Death bloomed early for me, like the Corpse Flower, one of the first in spring, which cultivates a rotting scent to attract its fly food. Ugly, complex, and 100% natural, it blooms long before the conventionally beautiful blossoms like Dutchman's Breeches and Trillium.
But awareness that others experience this kind of loss bloomed late. For a long time I thought I was alone, experienced no one who could relate to me, even when I joined an early Internet listserv for a sociology student's research study of young people who lost both their parents before the age of 30. Most of the people in the group said they had loved their parents, felt close to them; no one else reported a complex grief like that of mine about my mom.
Another Bullshit Night in Suck City by Nick Flynn, Dave Eggers' A Heartbreaking Work of Staggering Genius, and so many other memoirs, blogs, and essays have helped me find others who have had complex grief in their orphan hoods. And, with time and a lot of therapy, I even began– am still beginning–to see how much loss there is in living relationships between parents and children. Understanding my friends whose mothers, in particular, they have conflict or trauma with that remain deeply unresolved, even though their mothers remain alive.
I think it's because Samantha Irby's book We Are Never Meeting In Real Life seems to NOT be about complex grief that it struck me so strongly.
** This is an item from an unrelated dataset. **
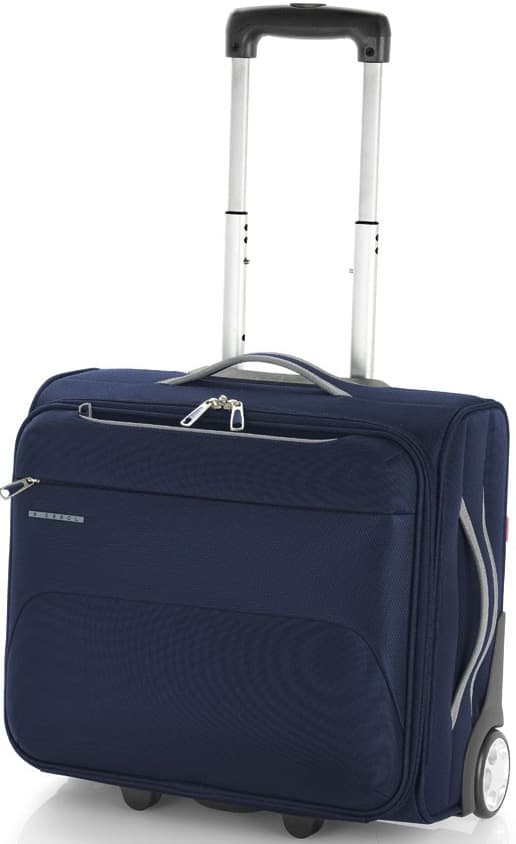 Putna torba sa točkićima Gabol Zambia 113419-03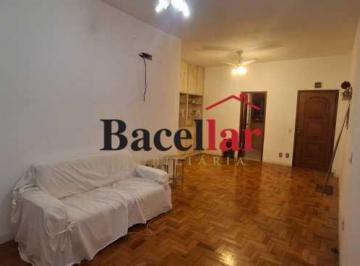Apartamento · 116m² · 3 Quartos · 1 Vaga · Apartamento : / Residencial / Tijuca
In the beginning, the collection's essays are more about being fat and black and having mental health challenges than losing her parents. So I was totally taken aback at her essay "Happy Birthday "in which she finds out her father, long not active in her life due to alcoholism, has died. The day before her 18th birthday.
From "Happy Birthday":
My aunt called. My father had had two heart attacks and a stroke. Or two strokes and a heart attack. Fuck, these are the kinds of details that blur. I can tell you with near certainty that I was wearing an oatmeal-colored knit turtleneck sweater, but not the ratio of heart attacks to strokes my dad had at the end of his life.Now we were talking. Someone else who could crack dark jokes about complicated parental loss, point to connections between those same parents' treatment of her and her challenges now, with love, humor, and direct honesty.
The "Happy Birthday" essay is almost half way through the book. To be honest before then I was ready to stop reading at any point. I found the writing amusing, but not quite open enough. But after that essay, an egg had cracked open. I was hooked. In a further essay, "Nashville Hot Chicken," she goes on to describe taking her now wife on an early date road tripping to Nashville to spread her dad's ashes years after his death. Yes. This is what I read Caitlin Doughty, the famous ask-me-anything coroner, for. Doughty is one of the only writers I've found who will describe cremains and the horrid humor that is trying to figure out what to do with them. And still, for Doughty it's not personal, not yet, not like it is for Irby. And me.
From "Nashville Hot Chicken":
In hindsight I realize that that is a heavy fucking thing to ask a normal person with actual human feelings to accompany you to do. In my mind it was like Weekend at Bernie’s, but in real life she has a mom she talks to on the phone once or twice a week and isn’t used to my whole LOL I KILLED MY MOM shtick. This could be an emotional minefield.Before Irby starts writing earnestly about death, queerness kept me coming back– antics with sex toys, hoping lesbian bed death is real because of a lack of sex drive. But my heart sprang open when she invited complicated death into her essays.
Is it just because I can relate? Is it because I'm grateful to see anyone write candidly about death? Is it the late late bloomer in me who finally gets to hear other orphan stories I can relate to? Long after learning to make do, with orphan stories I don't relate to, or with still-living parents and difficult relationship tales?
The fact is, orphanhood is a huge part of my identity. Irby is only a few years older than me – we have a lot generationally in common. It's the combination of her being enough like me and cracking open something hard and taboo we aren't supposed to discuss - especially things I relate to like death and queerness - that keep me reading.
In the middle of reading others collections of essays, letters, and research on orphans, a book in which orphanhood is a substantial influence – but not the main subject – is extremely powerful and shows me ways to integrate.